* [Dataset records]:

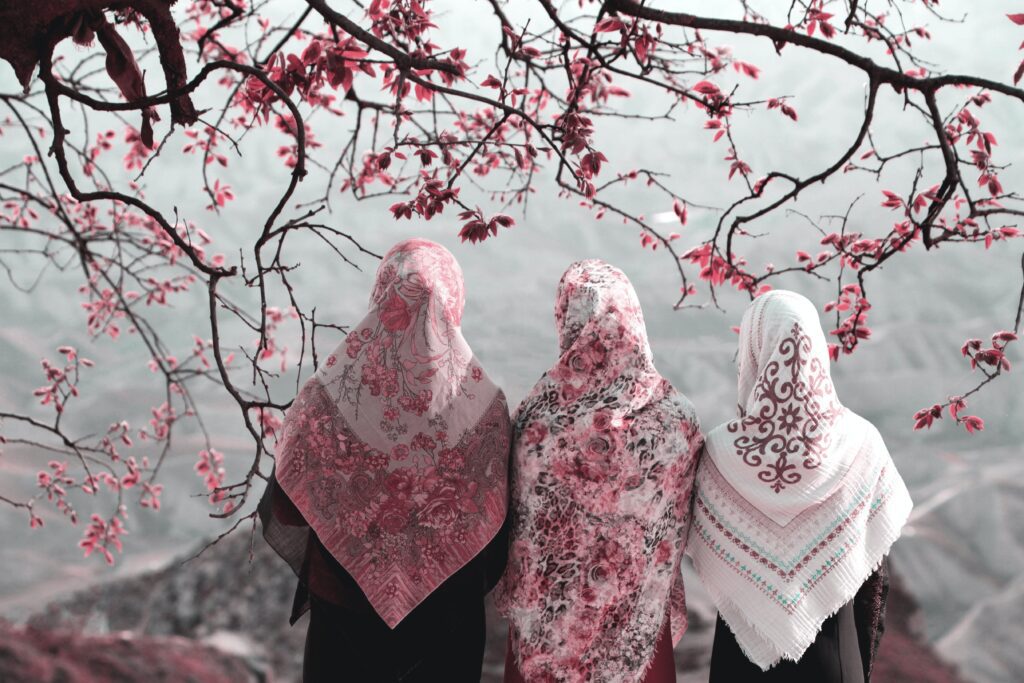 Lima Platform yang Bisa Kamu Jadikan Tempat Belajar Fikih Wanita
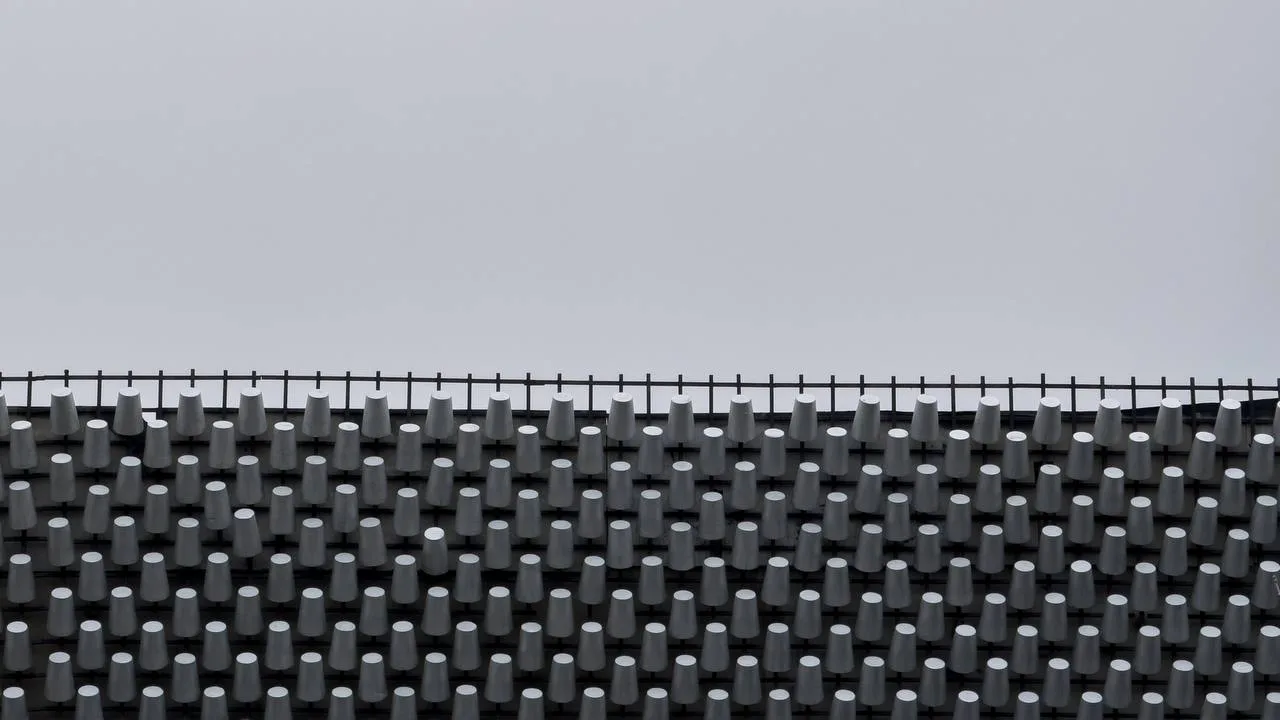 FACADE | SEASONS | FLACON | 2026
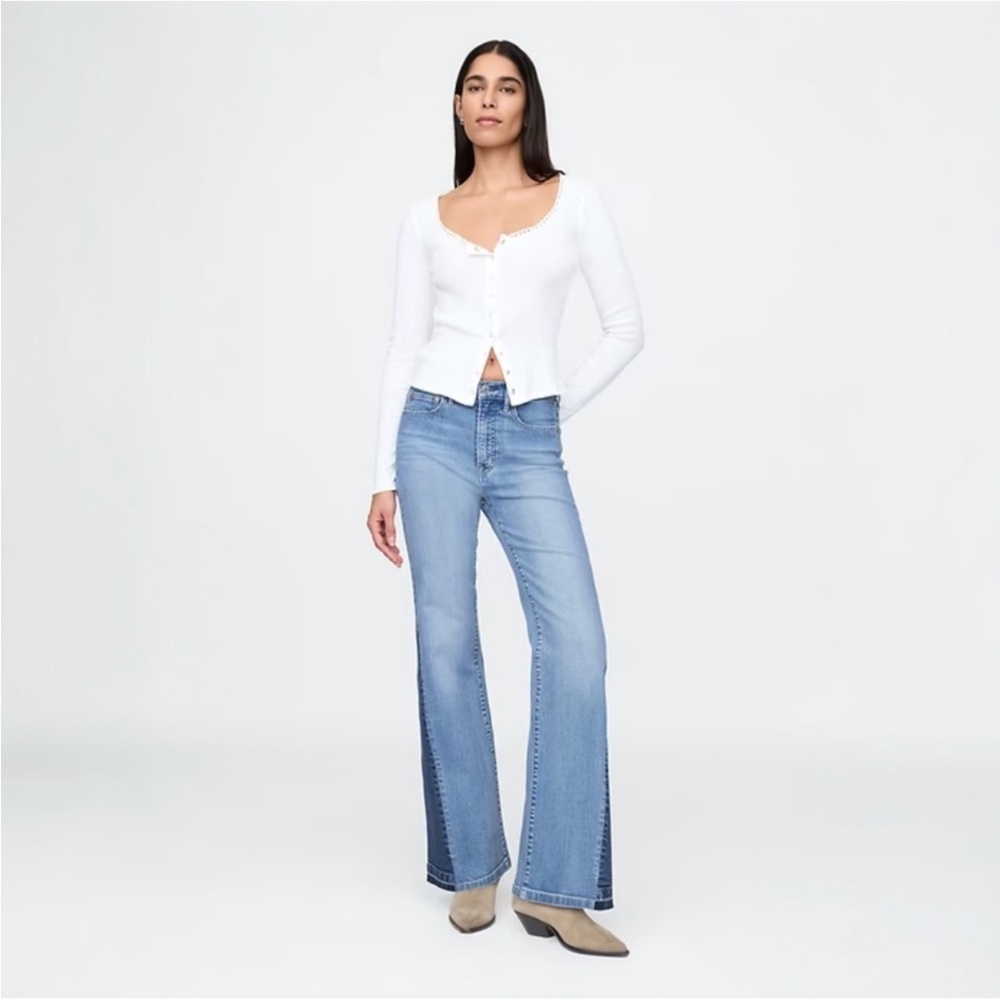 GAP High Rise Patched '70s Flare Jeans  NWT 28/6L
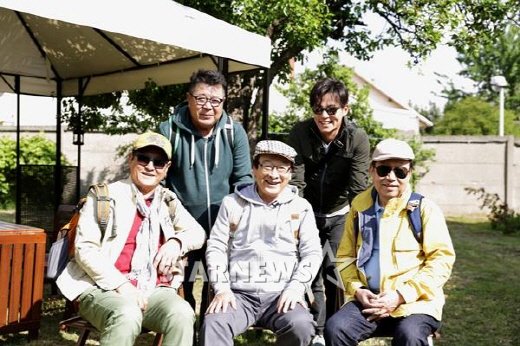 tvN '꽃보다 할배'의 백일섭 이서진 신구 이순재 박근형 /사진=tvN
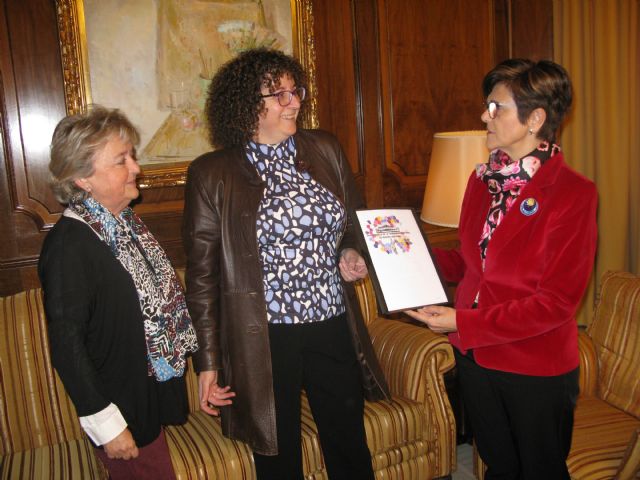 La Asociación de Mujeres abogadas entrega a la Presidenta de la Asamblea las conclusiones de su congreso sobre mediación e igualdad - 2, Foto 2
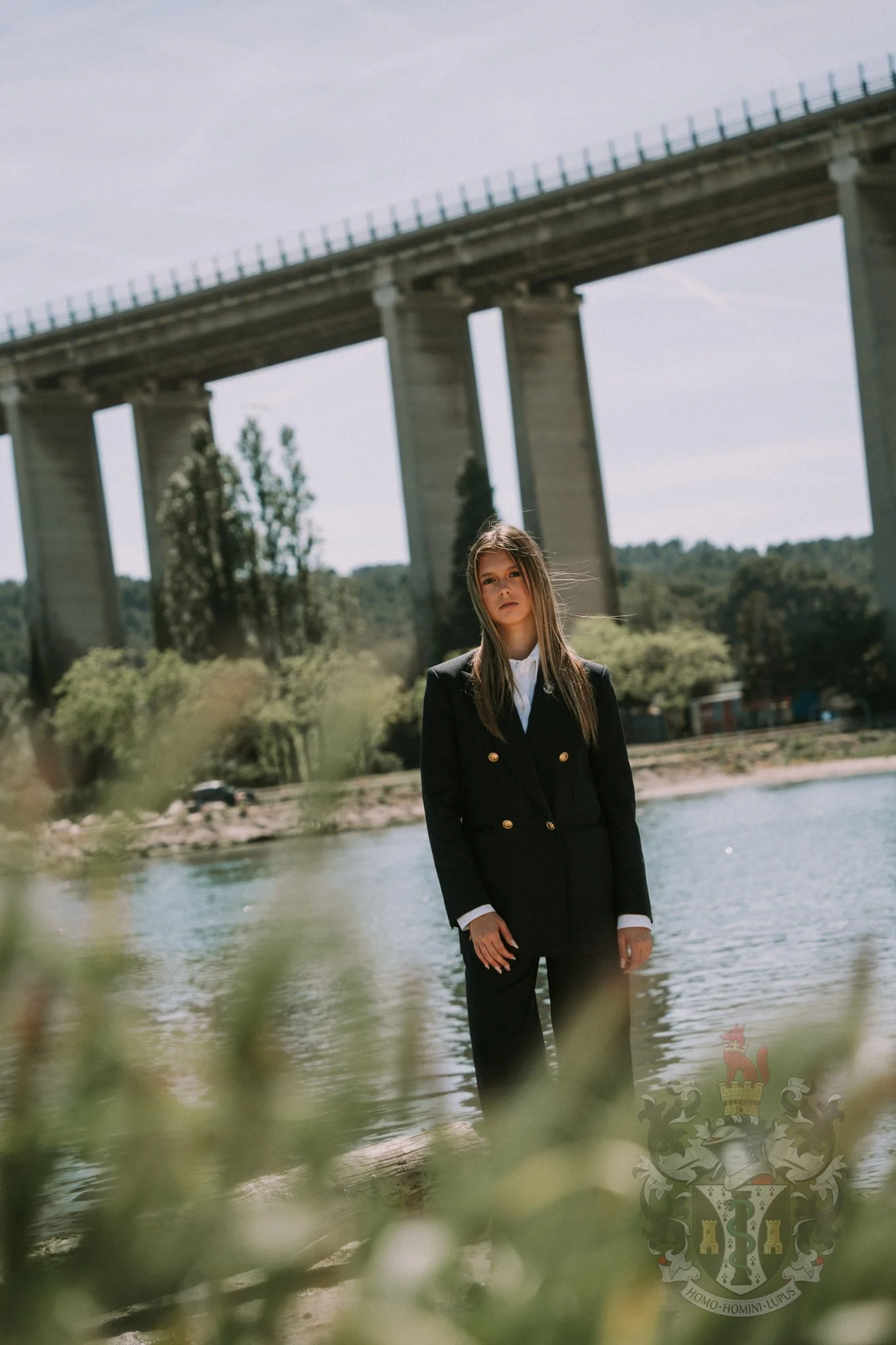 Portrait artistique au bord de l'eau à Martigues, illustrant la philosophie de l'élevage T.M. ADAMS.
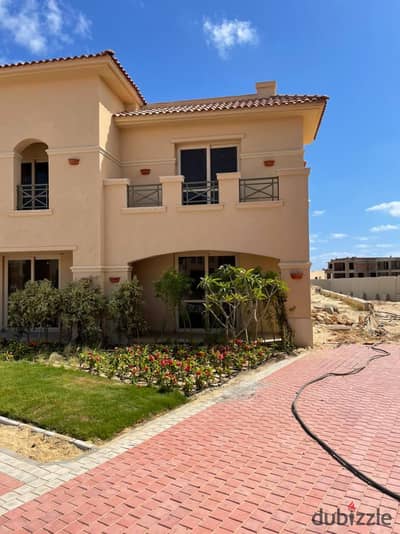 شاليه دور ارضي علي البحر متشطب في Lavista Bay الساحل الشمالي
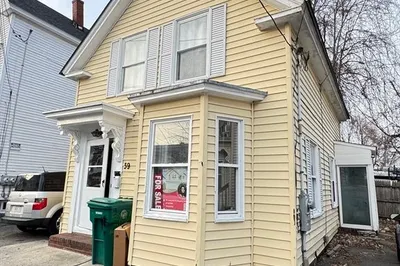 39 W L St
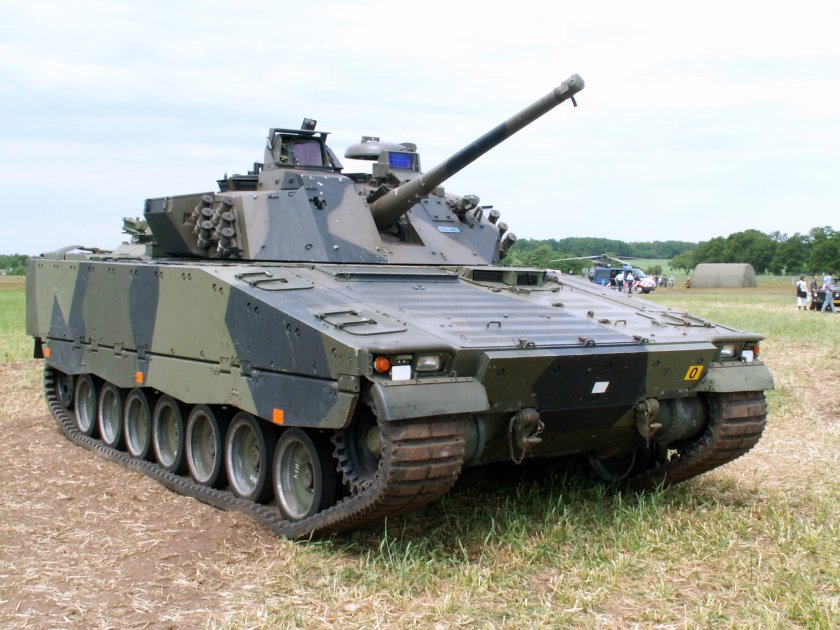 Шведская БМП cv90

* [Work to be completed]: Drop the pictures and copy the data exactly.

* [Answer section]:
 Lima Platform yang Bisa Kamu Jadikan Tempat Belajar Fikih Wanita
 FACADE | SEASONS | FLACON | 2026
 GAP High Rise Patched '70s Flare Jeans  NWT 28/6L
 tvN '꽃보다 할배'의 백일섭 이서진 신구 이순재 박근형 /사진=tvN
 La Asociación de Mujeres abogadas entrega a la Presidenta de la Asamblea las conclusiones de su congreso sobre mediación e igualdad - 2, Foto 2
 Portrait artistique au bord de l'eau à Martigues, illustrant la philosophie de l'élevage T.M. ADAMS.
 شاليه دور ارضي علي البحر متشطب في Lavista Bay الساحل الشمالي
 39 W L St
 Шведская БМП cv90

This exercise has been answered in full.